A small crowd of mourners gathered on Friday for the funeral of the Kazakh opposition activist and YouTuber Aidos Sadykov, who was assassinated in Kyiv, Ukraine — a killing that colleagues said had cast a chill over journalists and exiles in Ukraine and the wider region.

A former opposition politician and trade unionist, Mr. Sadykov, 55, lived in Ukraine after fleeing Kazakhstan, his homeland, with his family 10 years ago. He was granted political asylum in Ukraine and, with his wife, ran a widely followed YouTube Channel covering events in Kazakhstan.

He was shot last month outside their home, and died of his injuries earlier this week. Natalia Sadykova, his widow and a journalist, has laid the blame for her husband’s death on President Kassym-Jomart Tokayev of Kazakhstan.

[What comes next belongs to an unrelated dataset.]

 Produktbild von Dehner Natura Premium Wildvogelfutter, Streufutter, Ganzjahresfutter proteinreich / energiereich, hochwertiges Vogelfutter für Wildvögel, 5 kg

“Aidos gave his life for Kazakhstan. He died a martyr’s death at the hands of killers,” she wrote on her Facebook page, announcing his death. “For 13 days, Aidos fought for his life in the I.C.U., but there was no miracle. His death is on Tokayev’s conscience.”

The president of Kazakhstan has not addressed Ms. Sadykova’s accusations directly. He announced soon after the shooting that he had ordered his officials to learn details of the incident and if necessary would offered Ukraine assistance in its investigation.

The Ukrainian prosecutor general has named two citizens of Kazakhstan as suspects in the shooting, and announced that the case was a murder investigation. The two individuals escaped the country via neighboring Moldova, according to the prosecutor.

One of the suspects turned himself in on his return to Kazakhstan and was being questioned, according to a statement from the Kazakhstan prosecutor’s office. The second man remains at large.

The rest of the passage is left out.